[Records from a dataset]

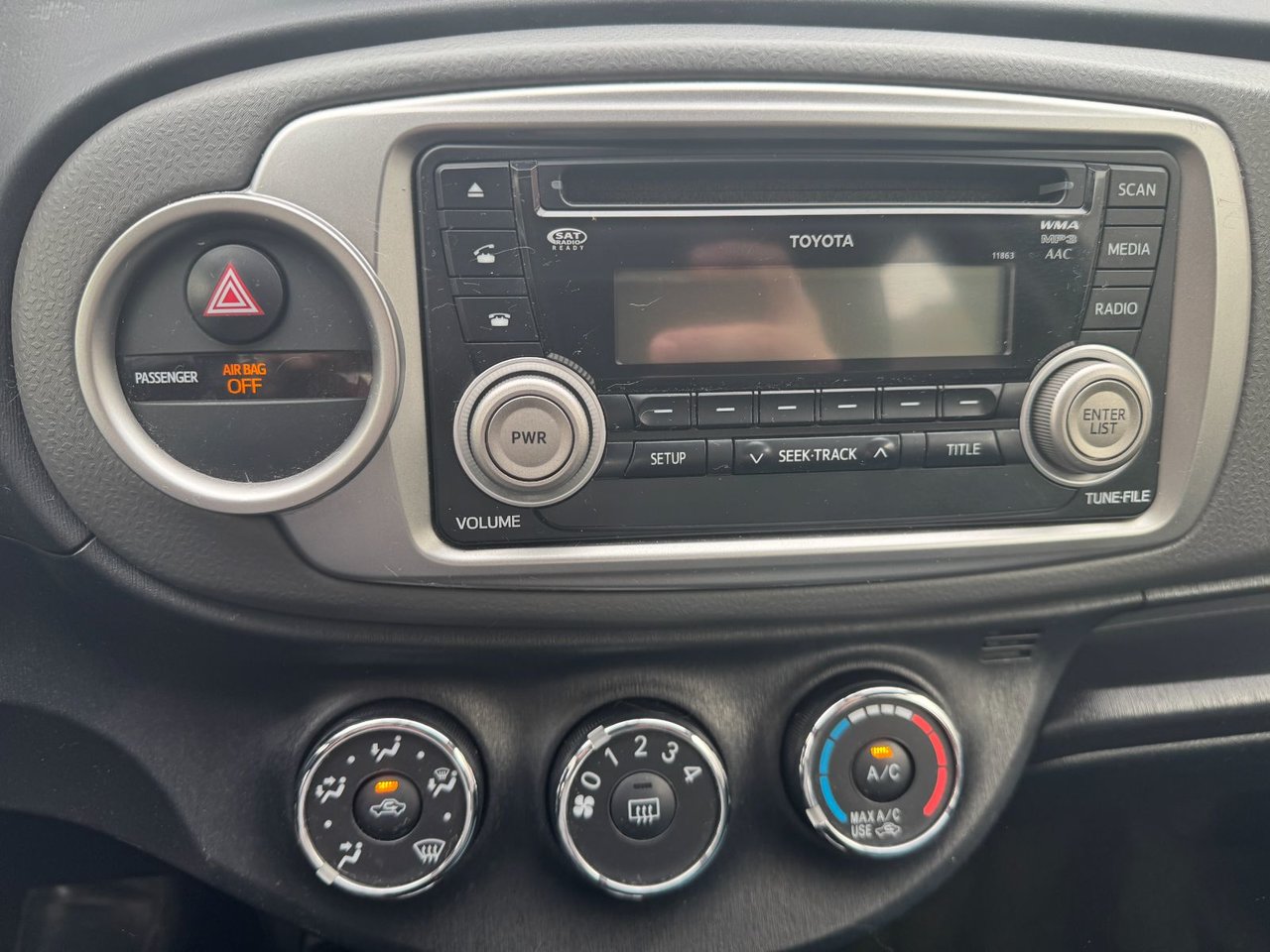 2013 Toyota Yaris LE-11
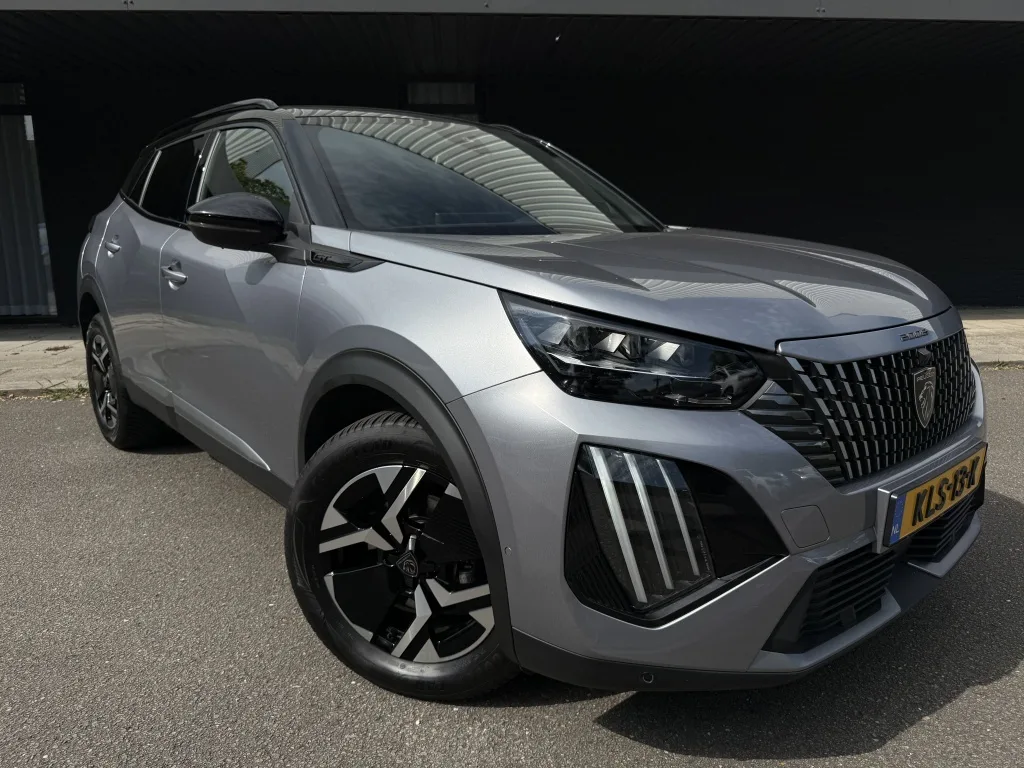 Peugeot 2008 (2025) — foto 1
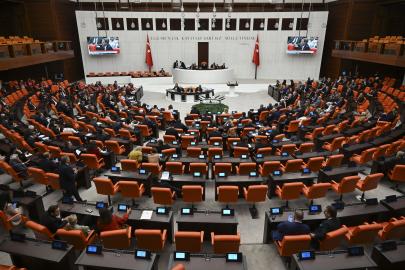 Üç milletvekili daha AK Parti'ye katıldı. İşte Meclis'teki yeni sandalye dağılımı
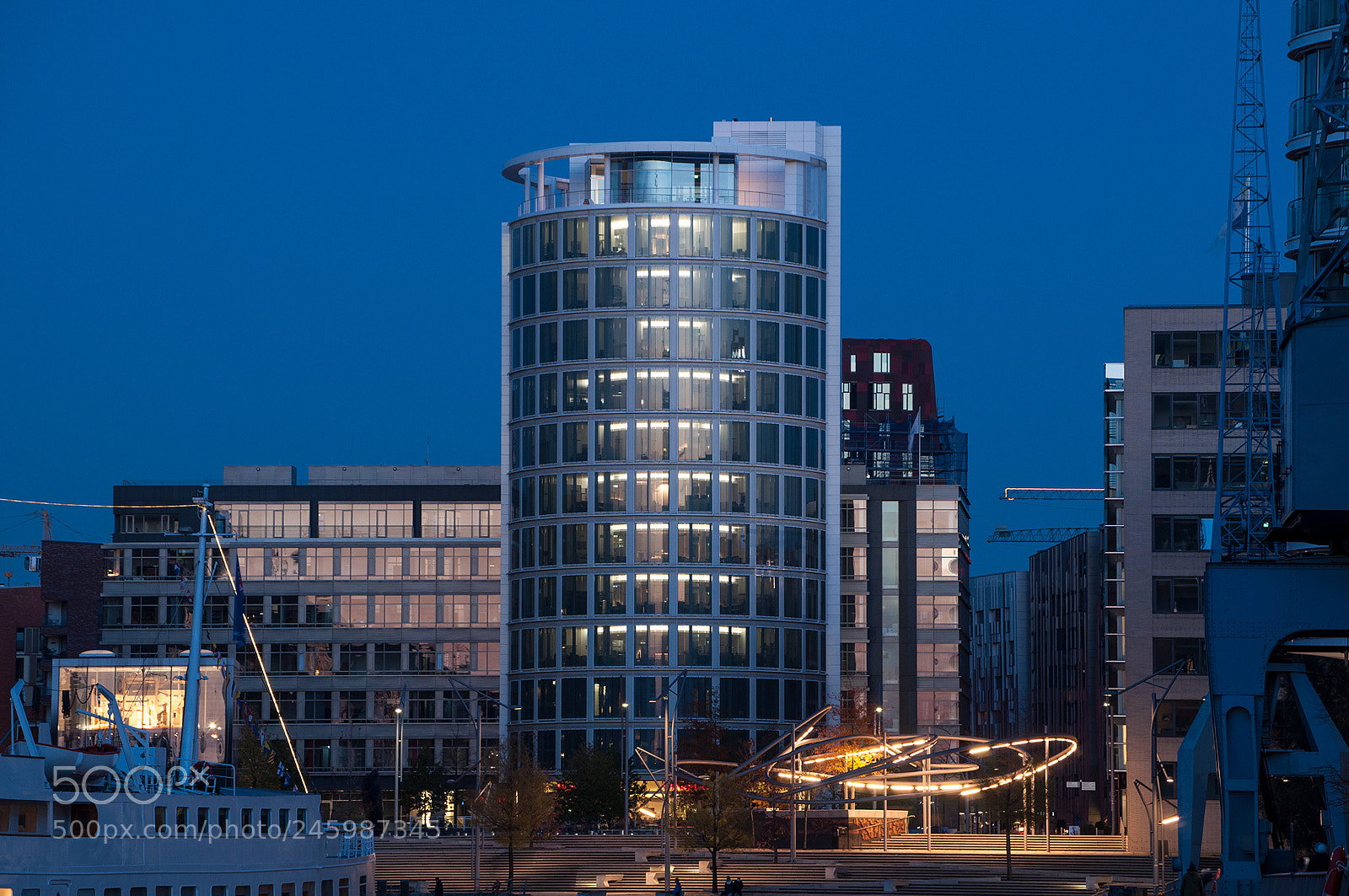 Nikon D5000 sample photo. Hamburg hafencity photography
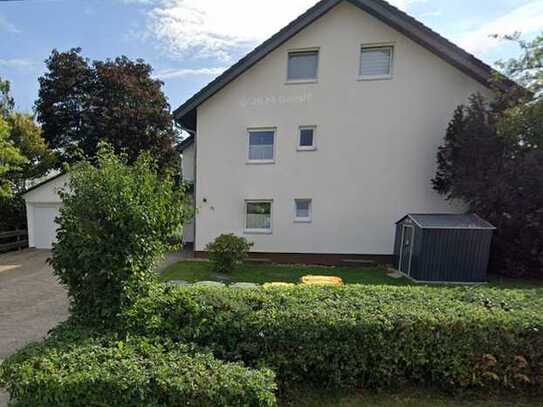 Attraktive Dachgeschoss- Wohnung mit Balkon und traumhafter Aussicht in Königsfeld-Erdmannsweiler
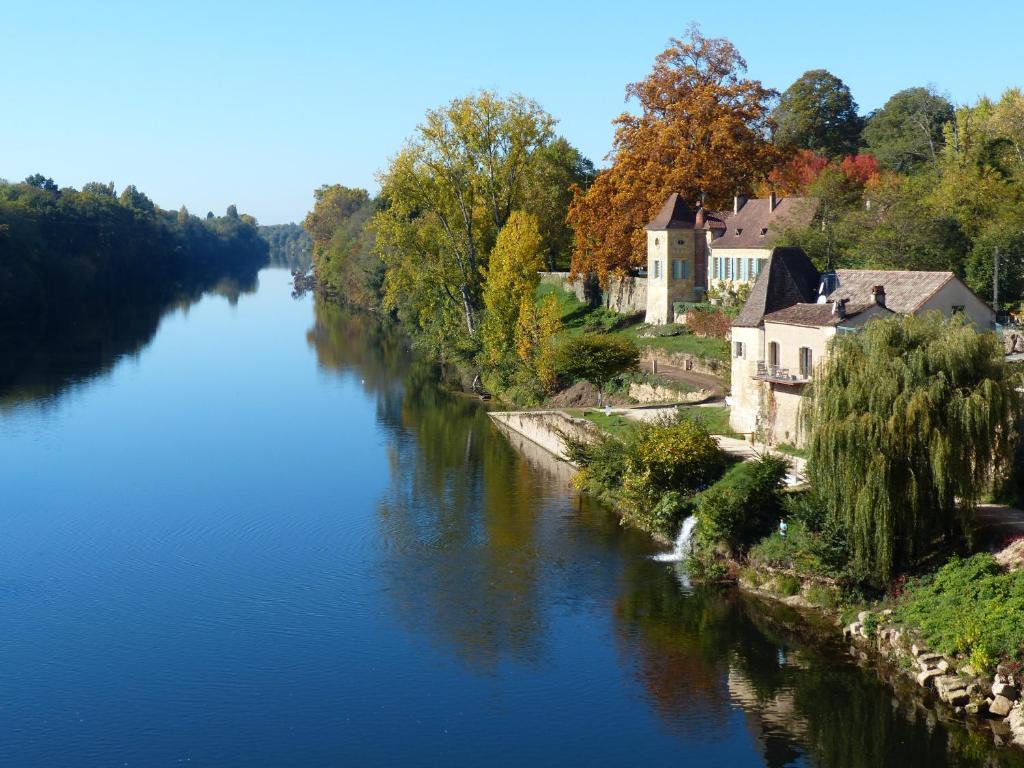 B&B / Chambre d'hôtes La Rebière d'Or, B&B et Gîte 13 rue de la Rocade 24520 Mouleydier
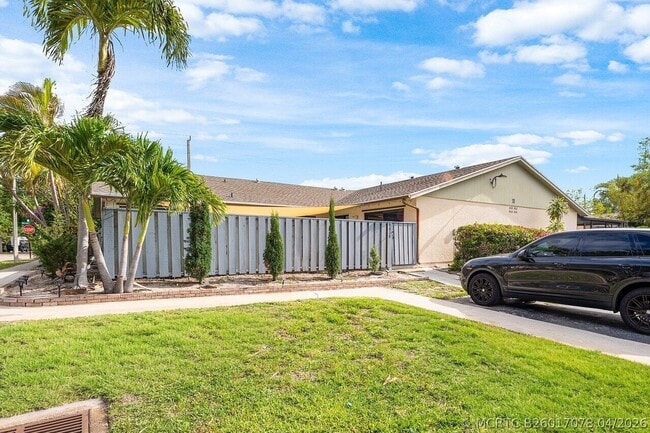 Building Photo - 8014 Ambach Way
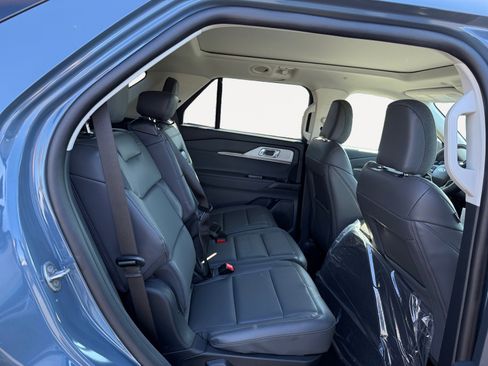 New 2025 Ford Explorer Active w/ Active Comfort Package image 18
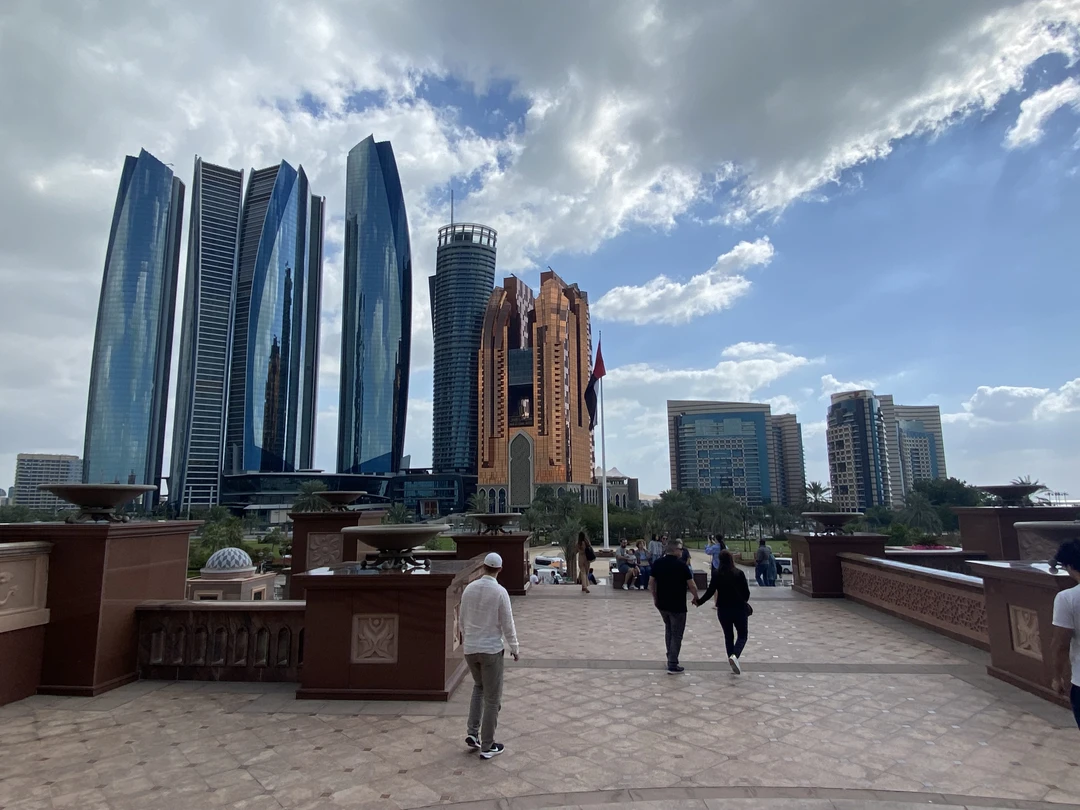 Спасибо за экскурсию! Абу- Даби- прекрасен!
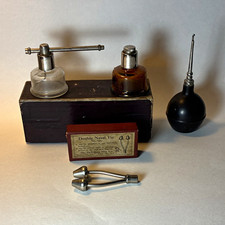 Vintage DeVilbiss Double Nasal Tip, Yale Duplex Atomizer & rubber suction bulb picture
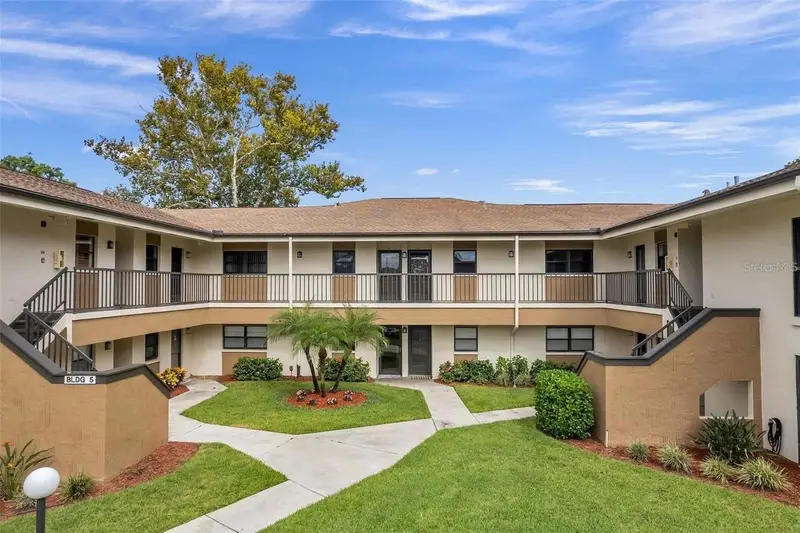 2700 Nebraska Ave #5-203, FL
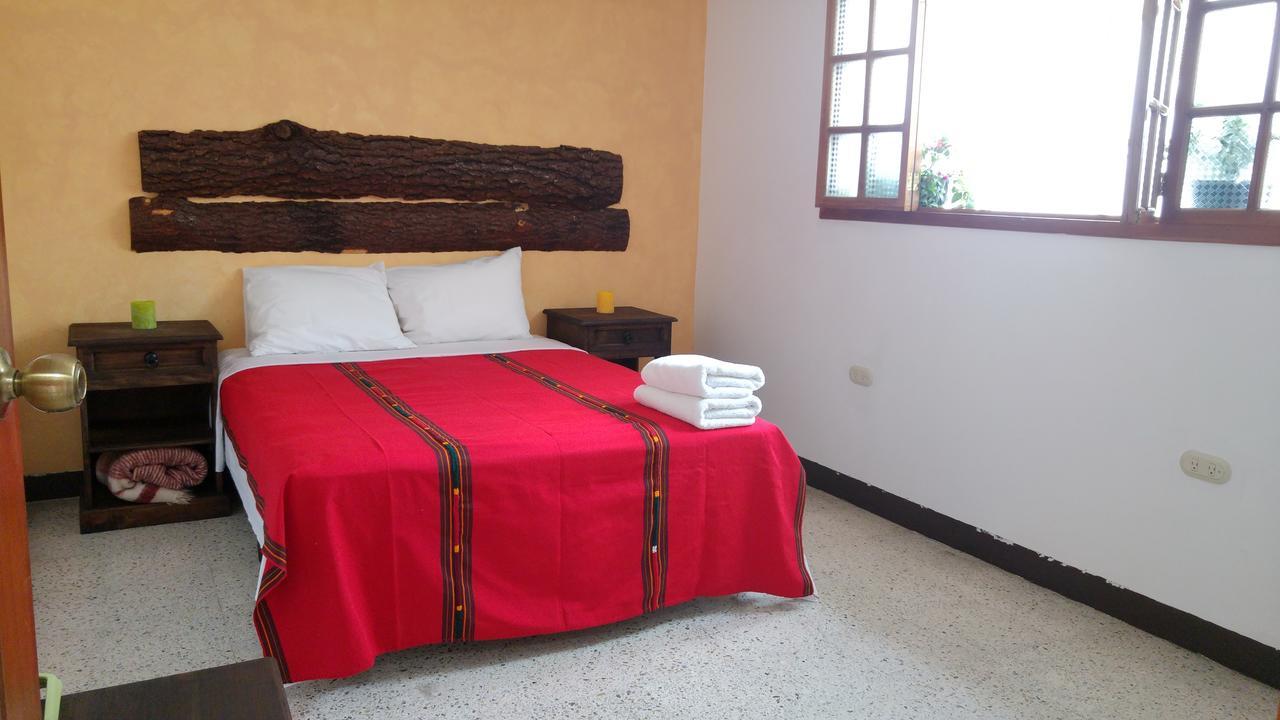 Ixkanul Antigua Hotel מראה חיצוני תמונה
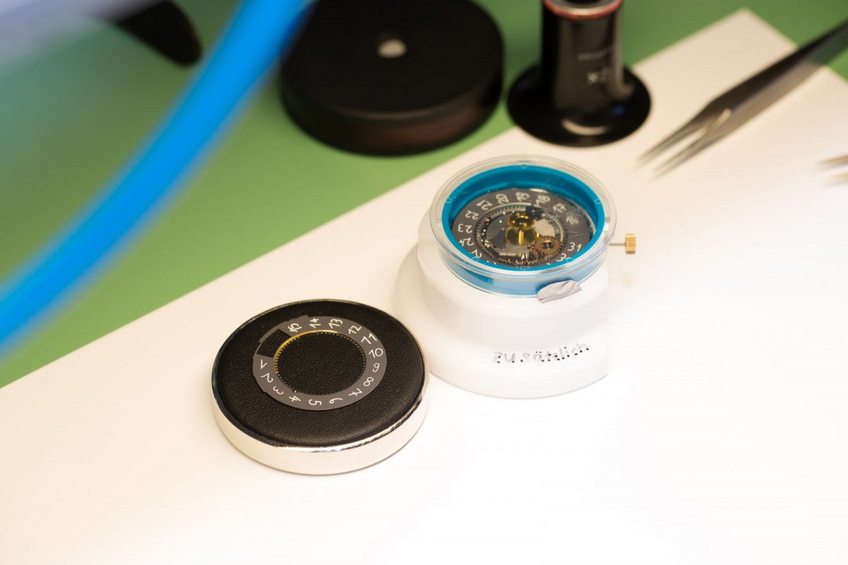 H. Moser & Cie Endeavour Perpetual Calendar for Only Watch 2015 H. Moser & Cie Endeavour Perpetual Calendar for Only Watch 2015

The problem:
Set down the records again verbatim, with no pictures.

Solution for this problem:
 2013 Toyota Yaris LE-11
 Peugeot 2008 (2025) — foto 1
 Üç milletvekili daha AK Parti'ye katıldı. İşte Meclis'teki yeni sandalye dağılımı
 Nikon D5000 sample photo. Hamburg hafencity photography
 Attraktive Dachgeschoss- Wohnung mit Balkon und traumhafter Aussicht in Königsfeld-Erdmannsweiler
 B&B / Chambre d'hôtes La Rebière d'Or, B&B et Gîte 13 rue de la Rocade 24520 Mouleydier
 Building Photo - 8014 Ambach Way
 New 2025 Ford Explorer Active w/ Active Comfort Package image 18
 Спасибо за экскурсию! Абу- Даби- прекрасен!
 Vintage DeVilbiss Double Nasal Tip, Yale Duplex Atomizer & rubber suction bulb picture
 2700 Nebraska Ave #5-203, FL
 Ixkanul Antigua Hotel מראה חיצוני תמונה
 H. Moser & Cie Endeavour Perpetual Calendar for Only Watch 2015 H. Moser & Cie Endeavour Perpetual Calendar for Only Watch 2015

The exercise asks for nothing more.